(Beginning of Dataset entries)

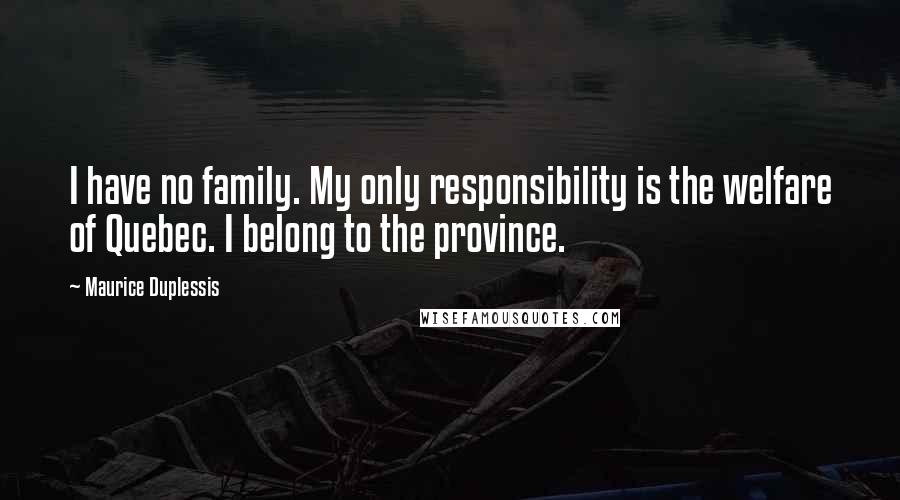 Maurice Duplessis Quotes: I have no family. My only responsibility is the welfare of Quebec. I belong to the province.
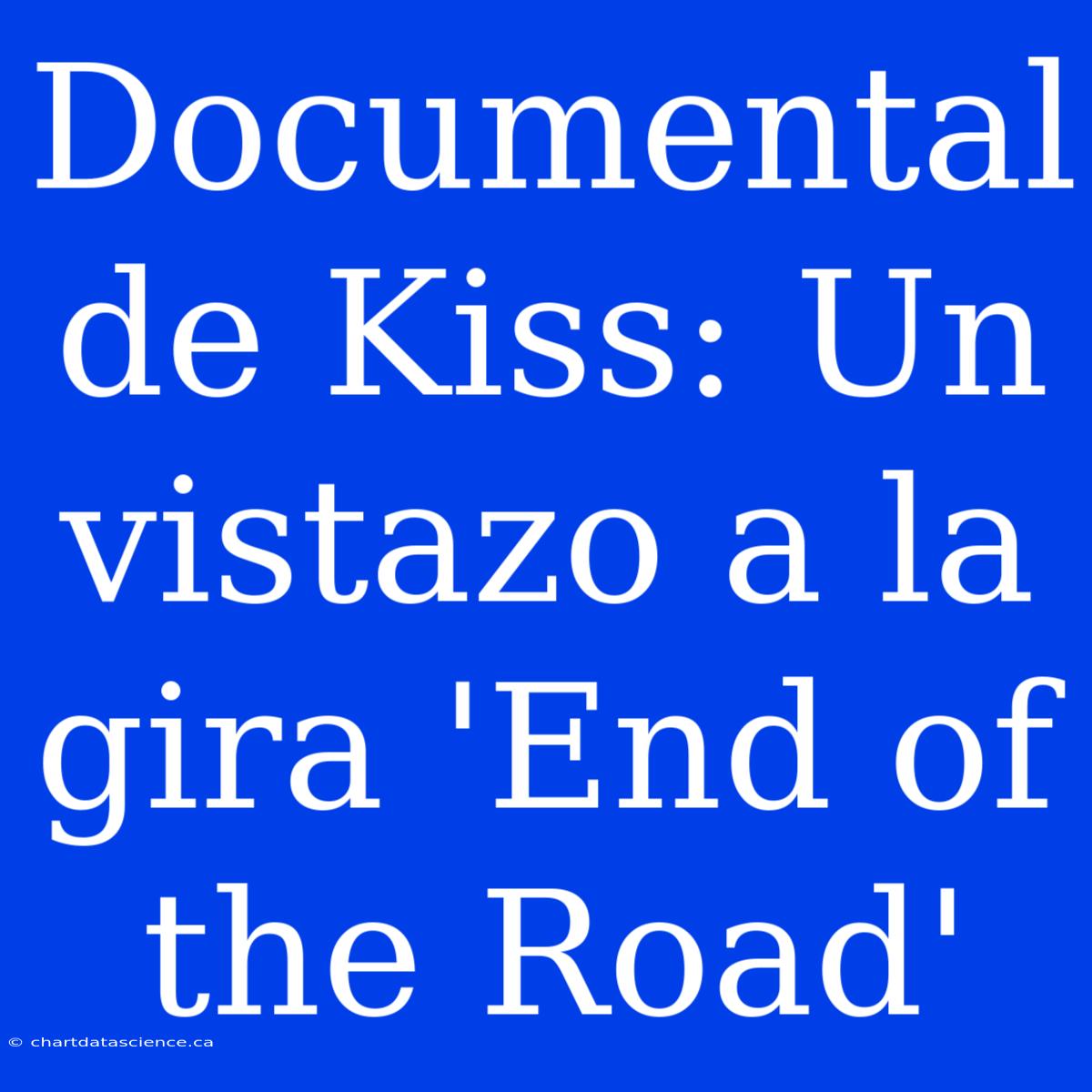 Documental De Kiss: Un Vistazo A La Gira 'End Of The Road'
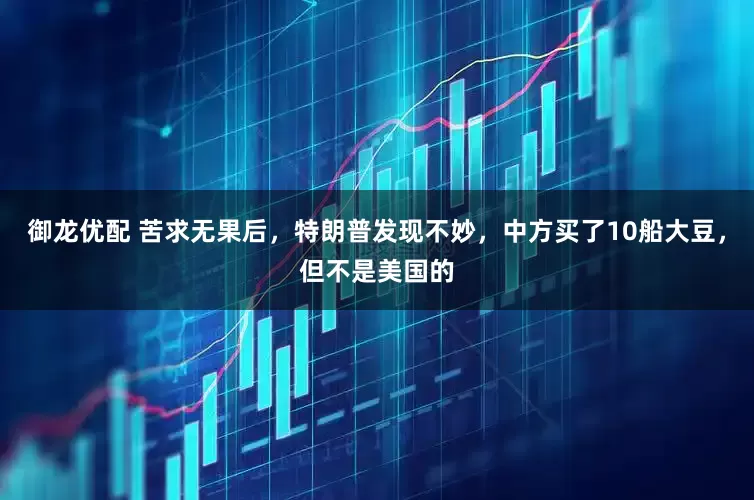 御龙优配 苦求无果后，特朗普发现不妙，中方买了10船大豆，但不是美国的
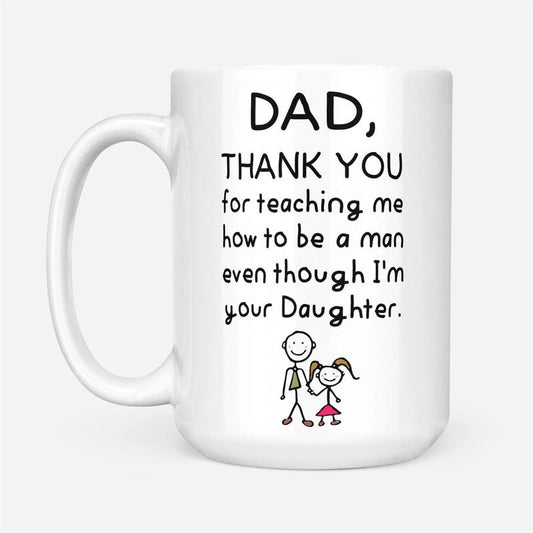 Dad Thank For Teaching Me How To Be A Man Cute Father's Day Mug, Gift For Father From Kid, Daughter And Dad Cup, Little Girls Cup, 11 15oz Ceramic Cup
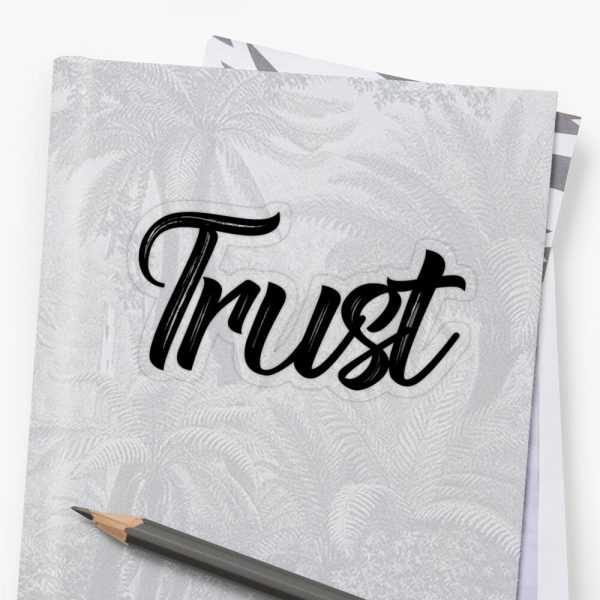 Trust Sticker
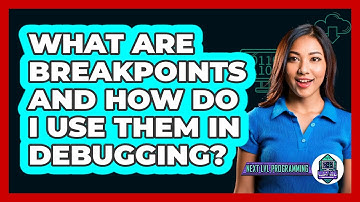 What Are Breakpoints And How Do I Use Them In Debugging? - Next LVL Programming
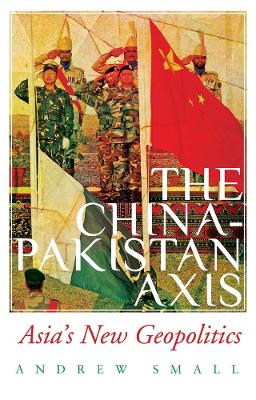 Book cover for The China-Pakistan Axis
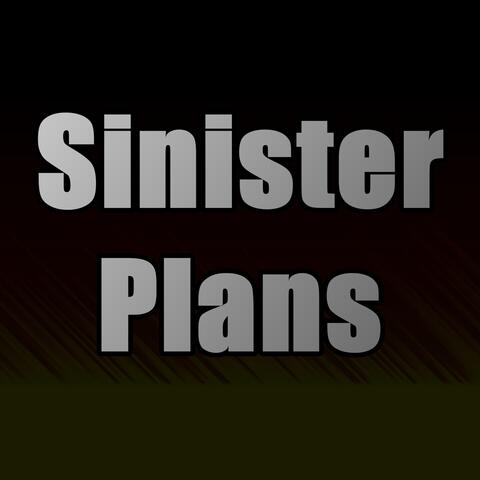 Sinister Plans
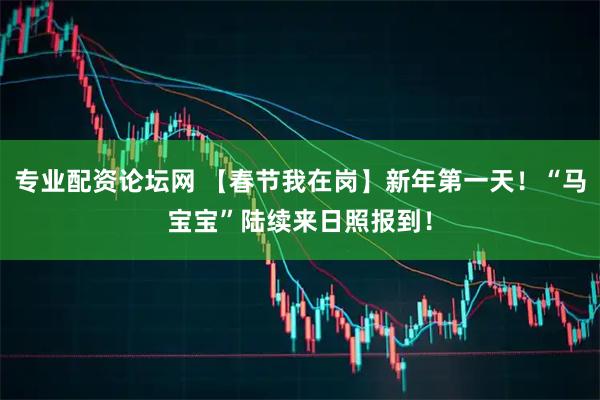 专业配资论坛网 【春节我在岗】新年第一天！“马宝宝”陆续来日照报到！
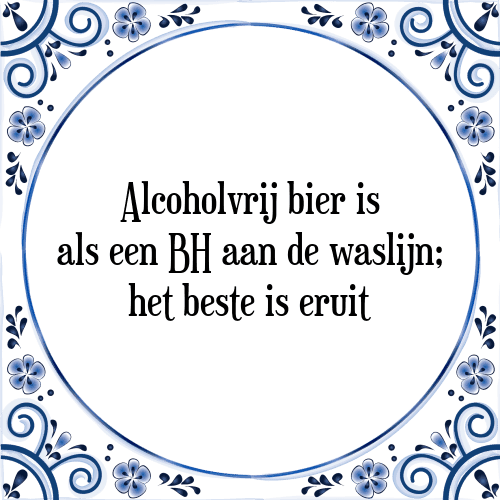 Alcoholvrij bier is als een BH aan de waslijn; het beste is eruit - Tegeltje met Spreuk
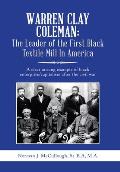 Warren Clay Coleman: the Leader of the First Black Textile Mill in America: A Clear Unsung Example of Black Enterprise/Capitalism After the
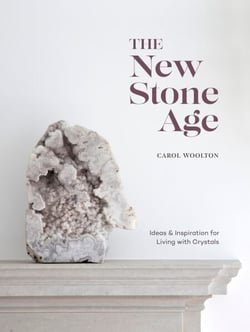 The New Stone Age - Ideas and Inspiration for Living with Crystals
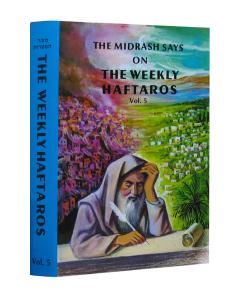 The Midrash Says on the Weekly Haftaros - Devarim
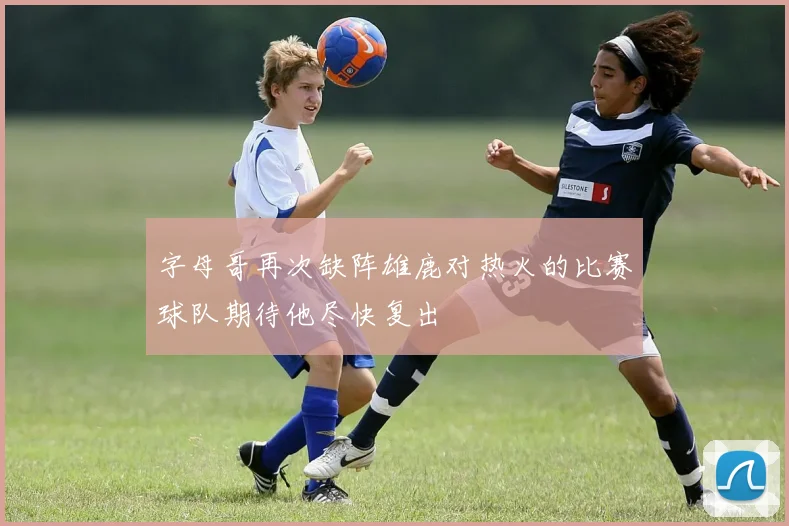 字母哥再次缺阵雄鹿对热火的比赛球队期待他尽快复出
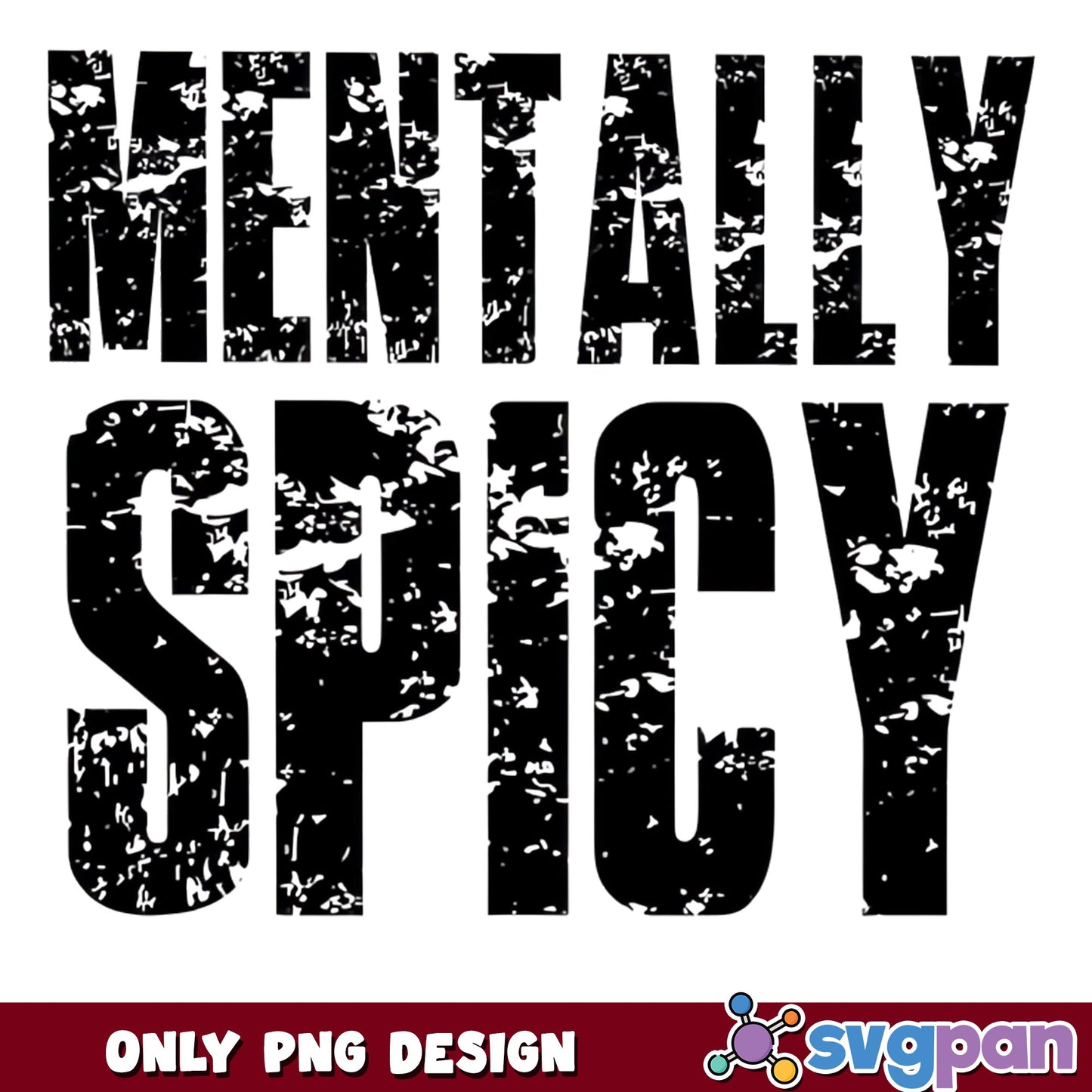 Mentally Spicy PNG, Funny Sarcastic Quote PNG, Distressed PNG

(End of Dataset entries)

Output a faithful copy of the data, with each picture left out.

> [Solution below]
 Maurice Duplessis Quotes: I have no family. My only responsibility is the welfare of Quebec. I belong to the province.
 Documental De Kiss: Un Vistazo A La Gira 'End Of The Road'
 御龙优配 苦求无果后，特朗普发现不妙，中方买了10船大豆，但不是美国的
 Dad Thank For Teaching Me How To Be A Man Cute Father's Day Mug, Gift For Father From Kid, Daughter And Dad Cup, Little Girls Cup, 11 15oz Ceramic Cup
 Trust Sticker
 What Are Breakpoints And How Do I Use Them In Debugging? - Next LVL Programming
 Book cover for The China-Pakistan Axis
 Sinister Plans
 专业配资论坛网 【春节我在岗】新年第一天！“马宝宝”陆续来日照报到！
 Alcoholvrij bier is als een BH aan de waslijn; het beste is eruit - Tegeltje met Spreuk
 Warren Clay Coleman: the Leader of the First Black Textile Mill in America: A Clear Unsung Example of Black Enterprise/Capitalism After the
 The New Stone Age - Ideas and Inspiration for Living with Crystals
 The Midrash Says on the Weekly Haftaros - Devarim
 字母哥再次缺阵雄鹿对热火的比赛球队期待他尽快复出
 Mentally Spicy PNG, Funny Sarcastic Quote PNG, Distressed PNG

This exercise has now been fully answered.